Like Nukuri, Flanagan is dropping down in distance after post a 10-mile personal record 55:57 (5:36 mile pace) at SACTOWN in California on April 7.
Her older sister Lindsay was seventh last year and ninth in 2015, when Nukuri was seventh.
"Lindsay said there's nothing like standing on the starting line, where there's only women surrounding you," Kaylee Flanagan said. "It's such an empowering moment. Since last year, she told me, 'You need to do it, you need to do it.'
"She told me there is a slight uphill and to be careful on that, but then you just cruise down to the finish. I've been racing the last four weeks, so we'll see if this is another one in the racing cycle. I haven't run a 5k in awhile, so this'll be a chance to get those wheels turning.
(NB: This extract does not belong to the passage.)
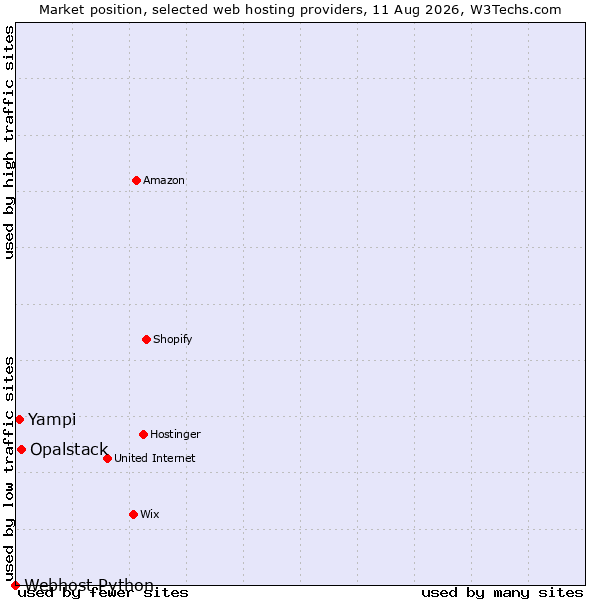 Market position of Opalstack vs. Yampi vs. Webhost Python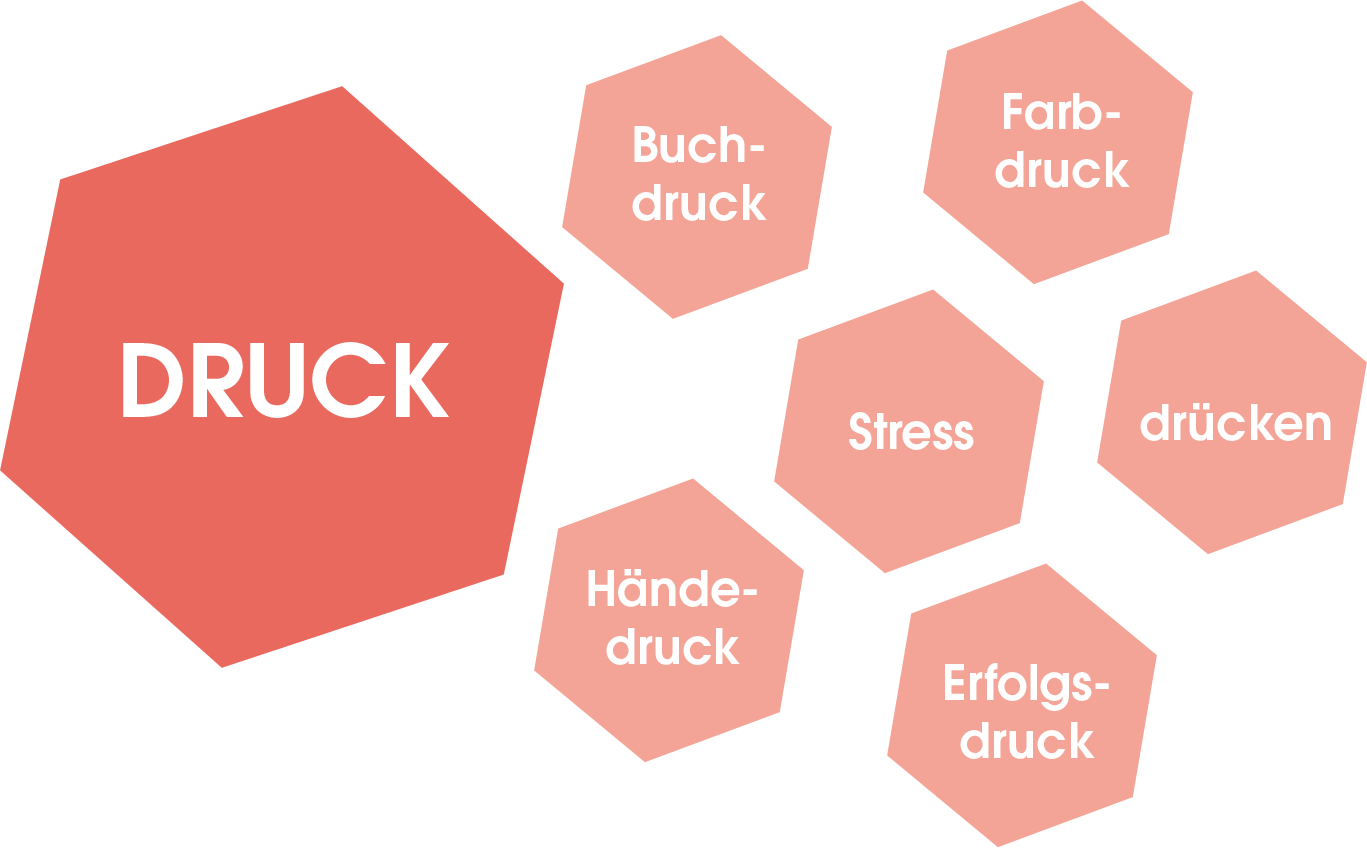 Anders als Synonyme sind Homonyme Worte, die viele verschiedene Bedeutung haben können. Druck beispielsweise kann sowohl als Stress, aber auch als Buch-, Hände- oder Farbdruck verstanden werden.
"I think it's going to be fast, so I'll try to hold on during the uphill, then when I get to the park, stick with the pack, look who's around me, then hopefully cruise on in to the finish."
"I saw her doing some strides coming down the hill, and she looked great," Tope said. "Meghan Peyton is a veteran here. We've got a nice blend of people who have run here before and probably know the course a little better than some of the others.
"Then you've got some up-and-coming people that are looking to make a name. It could be a good race to watch for spectators. Lindsey Scherf, I think of her more as a distance person, but for some reason this course fits her, so I think she could be interesting."
Scherf, a former three-time NCAA Division I All-American at Harvard, was third (16:10) at Freihofer's in 2017.
The elite field also includes Nukuri's former University of Iowa teammate Meghan Peyton, Maddie Van Beek, Katie Matthews and Saratoga Springs High senior Kelsey Chmiel, who is squeezing in the Freihofer's between the Section II state qualifier this week and the state meet next weekend.
As of Friday afternoon, there were 3,365 participants entered in the Freihofer's Run.